Sous prétexte de relater l’histoire d’amour qui, par des détours improbables, a finalement réuni ses parents, le narrateur nous promène à travers une galerie de personnages et une diversité de milieux, emblématiques de leur temps. Tandis qu’à l’ancienne présence ottomane vient de se substituer un milieu colonial déstabilisant, la société à la recherche d’elle-même est traversée d’aspirations contradictoires. Par petites touches, un tableau saisissant en est tracé. Dans le milieu hétérogène où se croisent minorités, modestes travailleurs et nantis, la perception des choses n’est pas partagée. Chaque groupe fonctionne à son propre rythme, véhiculant ses traditions et ses comportements ancestraux, accompagnés de préjugés et de réactions épidermiques. La complexité des situations est bien représentée par la nature des relations entre les individus, qui fonctionnent au moins sur deux registres : le domaine public, où se croisent les personnes de toutes origines, et l’environnement familial et communautaire, où se perpétuent des identités tenaces. En vis-à-vis, les brassages suscités par la modernisation et l’ouverture au monde provoquent de profondes mutations, qui remettent en cause cette ancienne dichotomie. C’est à cheval sur ces deux univers que naviguent les protagonistes de ces histoires entrecroisées.

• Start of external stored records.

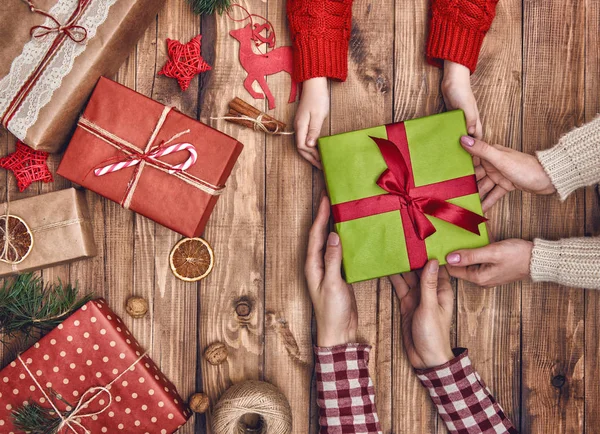 Familie Kerstmis tradities — Stockfoto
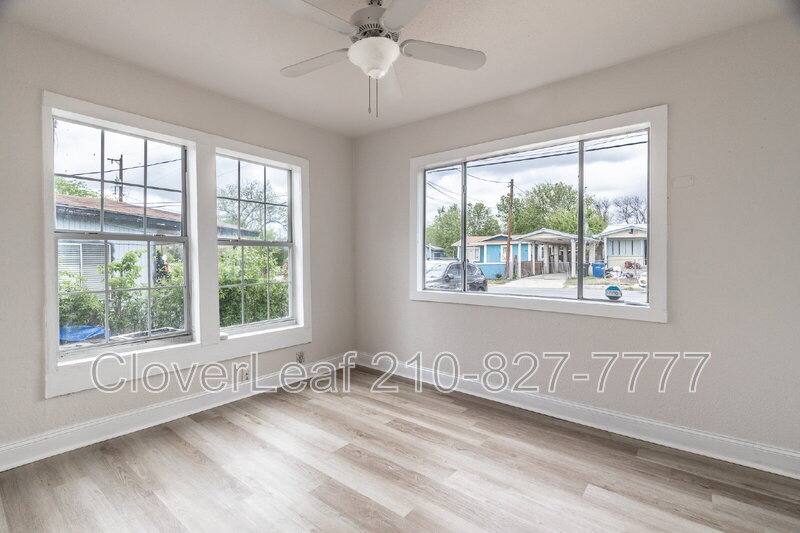 House for rent at 230 Paramount Ave, San Antonio, TX 78228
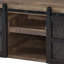 Table rustique en chêne rustique avec portes de grange coulissantes, combinant charme campagnard et solutions de rangement polyvalentes pour la vie moderne.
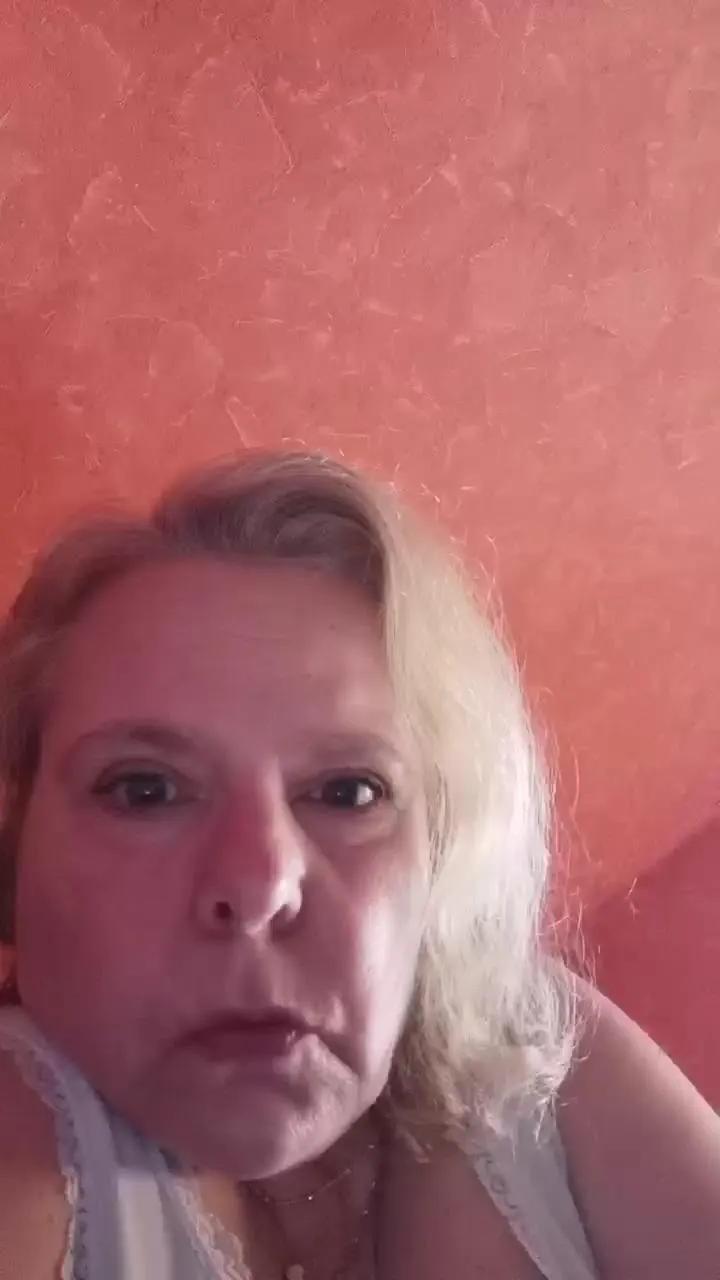 Baby7625 on Cam4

Le récit introduit, par touches successives, ici des extraits de journaux intimes, là des éléments de correspondance, ailleurs des entretiens réalisés de longues années plus tard avec certains des protagonistes encore présents, retrouvés au Liban, en France ou en Grèce. Visiblement Yves Dunbakli a pris la peine d’aller aux sources, et le résultat est saisissant. Sa reconstitution soigneuse et sensible relate de façon nuancée les espoirs des uns, les rêves des autres et le regard rétrospectif que tous portent sur leur propre histoire. Comme souvent, la réalité s’y révèle plus riche que la fiction. Sa description impressionniste de l’époque et des mentalités ressuscite le passé. Le charme des choses anciennes, le parfum désuet des instants disparus revivent selon une discrète et captivante musique des situations. Le résultat en est d’autant plus probant que d’un personnage à l’autre l’approche change en fonction de la psychologie et des origines de chacun des acteurs.

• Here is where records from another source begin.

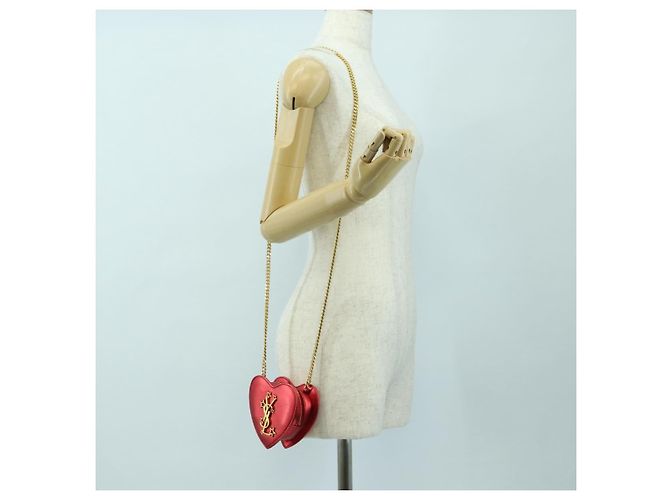 Borsa a Spalla SAINT LAURENT Love Heart Chain in Pelle Rossa e Oro Auth 179049V Rosso D'oro - vista 22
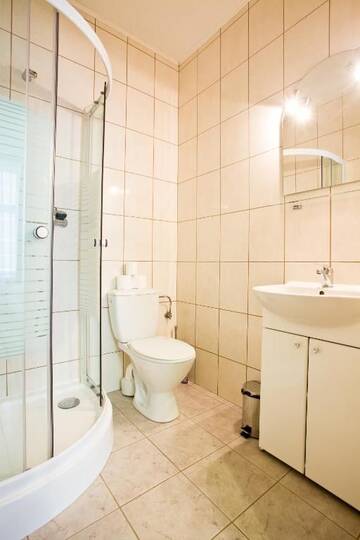 Фото номера Двухместный номер с 1 кроватью и ванной комнатой Хостелы Moon Hostel New г. Краков 13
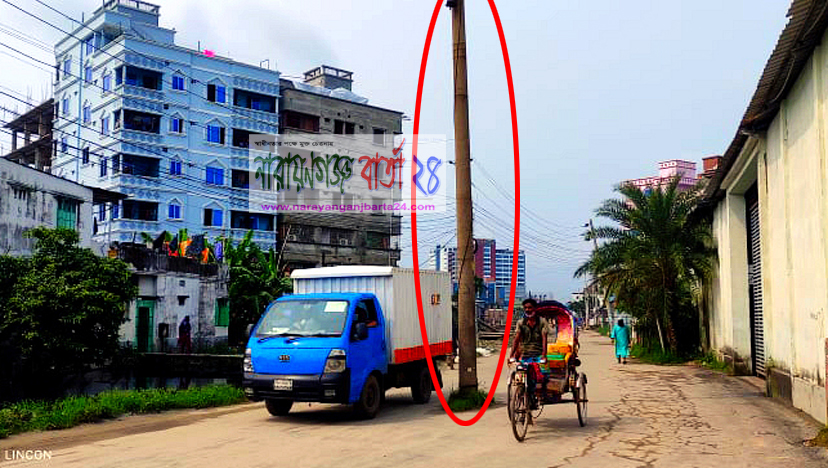 সড়কের মাঝখানে খাম্বা !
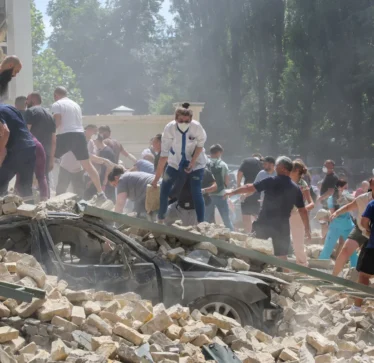 Të paktën 20 të vrarë në Ukrainë, sulmohet edhe spitali i fëmijëve në Kiev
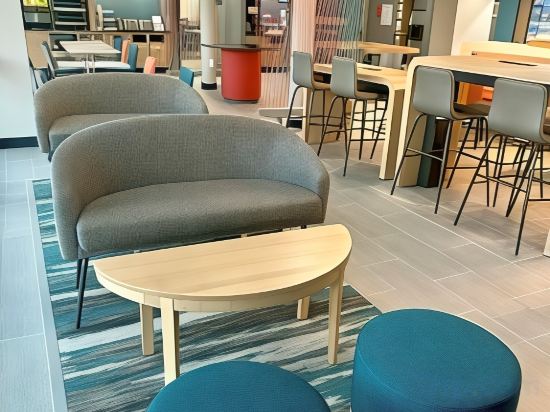 Фото Avid Hotel Fort Wayne North, an Ihg Hotel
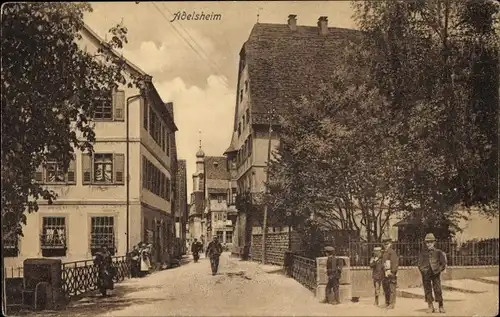 Ak Adelsheim im Neckar Odenwald Kreis, Straßenpartie im Ort, Wohnhäuser, Passanten
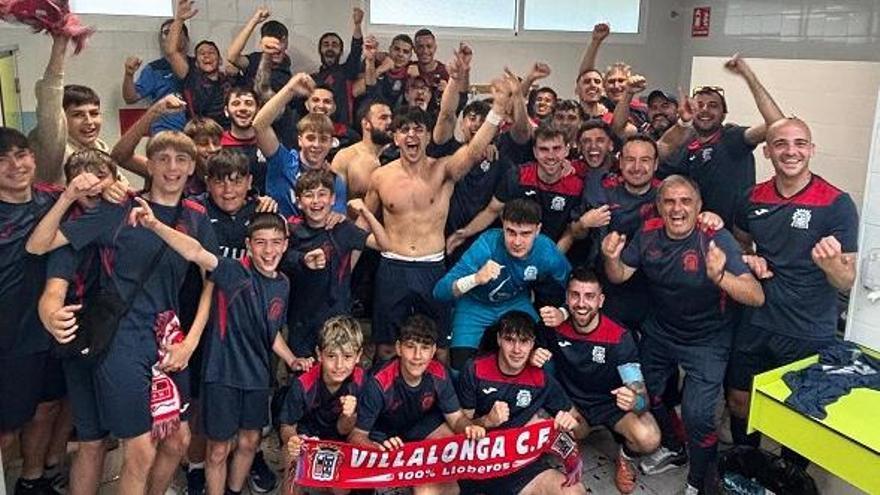 El Villalonga CF celebra en el vestuario su importante triunfo en Ròtova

Emportés par leur destin, ces hommes et ces femmes vivent, respirent, aiment, souffrent et espèrent. Pourtant, comme le dit un dur marchand alépin, vaincu en dépit de ses redoutables intrigues, Maktoub (c’est écrit). À son instar, les jeunes étudiants talentueux et pleins d’avenir, la petite bonne astucieuse, les officiers ralliés à la France Libre, la jeune Russe aux cheveux de feu ou les vieilles dames juives laissées pour compte par leurs conjoints à Beyrouth, se heurtent à la réalité comme une mouche sur une vitre. Cependant chacun y trouvera sa route. Attachante et pleine de délicatesse, cette évocation mesurée, teintée d’une légère ironie, reconstitue la vérité humaine, décrivant avec précision les lieux et les atmosphères, ressuscitant le passé enfoui dans les mémoires. Inutile d’en dire plus, il vaut mieux se laisser emporter par l’envoûtement de ce récit, se plonger dans les aléas des aventures individuelles, que d’en lire une relation forcément réductrice. Lisez-le, vous ne le regretterez pas.
Les Amants du Levant, Yves Danbakli, Éd. L’Harmattan, 2010, 353 p., 32,50 euros.